Finding Fulfillment Working with SAGE
As part of SVP Portland, the Encore Fellows program provides a source of expertise for nonprofit organizations, helps individuals (Fellows) transition from their careers into social-purpose work, and gives corporations a new way to positively impact their communities. Encore Fellows who have retired from a career are matched with host nonprofit organizations based on their passions, skills, and experience.
Diane Dickoff retired from Intel after a 30-year engineering career in August 2020. While she had the important role of grandmother to her seven-year-old grandson who did Zoom school from her house, she was also looking for a way to use her project management and computer software skills in retirement. Senior Advocates for Generation Equity (SAGE) was a good fit for her Encore Fellowship because it allowed her to use her skills and gave her the flexibility to work from home and continue to care for her grandson. Diane shares, “I brought my past experience to help them understand from an outsider and older-generation person what would be helpful in their surveys, documents, emails, and website.”
SAGE is a unique organization that motivates volunteerism through grassroots conversations and leadership development, so that older adults engage in causes that are vital to the needs of children and youth. SAGE supporters are guided by generational equity–the principle that each generation should improve the quality of life for the next–as they organize to achieve substantive goals in education, environment, and economic opportunity. Each year, SAGE’s goal is to inspire, support, and equip over 1,000 people to give forward.
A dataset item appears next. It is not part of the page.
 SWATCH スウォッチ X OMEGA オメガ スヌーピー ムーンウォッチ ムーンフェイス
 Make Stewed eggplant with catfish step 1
Although Diane had to transition from a fast-paced engineering environment to a small nonprofit where all conversations were conducted through Zoom, she learned more about the organization, what SAGE hoped to accomplish, and how she could leverage her skills to help. As a Fellow, she used her project management skills to document SAGE’s processes and provide security support for the documents. Additionally, she used her computer software skills to create productive and informative surveys, and then integrate them into SAGE’s database. Diane reflects, “I found that to show them what is possible with software and automation was more helpful than just talking about the possibilities. We had several options after investigations and worked through all of them to get the best option with the least overhead.”
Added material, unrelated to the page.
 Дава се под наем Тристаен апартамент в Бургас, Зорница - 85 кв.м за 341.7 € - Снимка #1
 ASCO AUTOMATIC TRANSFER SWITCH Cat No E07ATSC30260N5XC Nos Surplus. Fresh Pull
As a trusted team member, Diane also met with SAGE leadership to discuss how to expand the organization by bringing in more volunteers and donations. “One of the biggest problems we worked through was the goal that SAGE inspire people. How do you document inspiration? What does SAGE mean to different people? How do we get those whom SAGE has inspired to help inspire others?” By telling her story of working with SAGE as an Encore Fellow, Diane has done just that!